Most experiments in the Bioastronautics High Bay use shared equipment, so Matula’s work varies more week-to-week than day-to-day. “This week is a very bench-heavy week,” she explains. “It’s probably going to be me from like 9-5 on the bench running experiments. The types of experiments I do are kind of like “hit-the-button-to-start” type experiments, then I go and check my email or sit somewhere else for 30 minutes before coming back to see what’s going on.”

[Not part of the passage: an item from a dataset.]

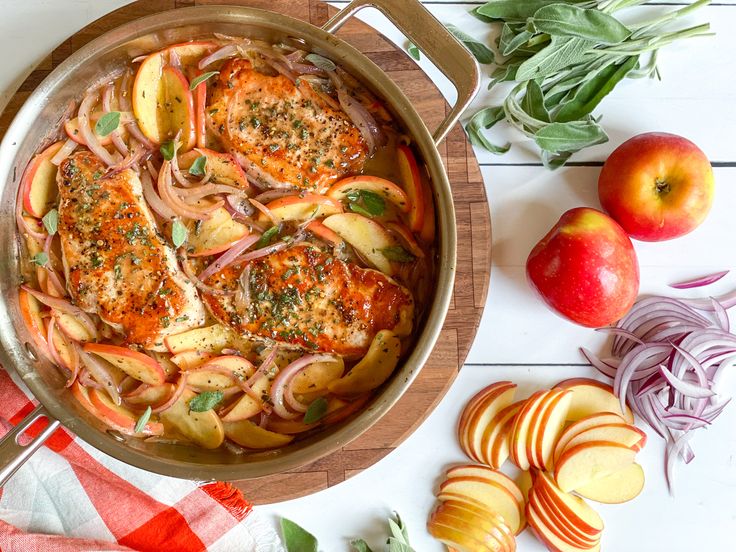 a pan filled with meat and onions next to sliced apples on a white wooden table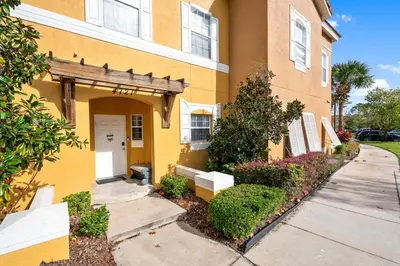 a yellow building with a white door and a sidewalk at Family Escape! HotTub+Grill+Disney! in Kissimmee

When not running experiments, Matula spends her time encouraging the next generation of women scientists. “A personal passion of mine is volunteering in the stem community and making sure that women and minorities are well-represented and have the same opportunities [in science] that other people do,” Matula explains. “I may not be out every weekend hiking 14ers, but instead I’m helping give a face to STEM for young girls. Kind of like ‘If I can do it, you can, too!’”
Matula estimates that only 25-30% of people in the Bioastronautics program are women. “You know, I don’t really notice [the lack of women] until someone brings it up. There’s definitely a ways to go!” laughs Matula. “What I find reassuring, though, is that with our generation, it’s starting to become the norm for women to be in engineering. We just have to keep that trend going!”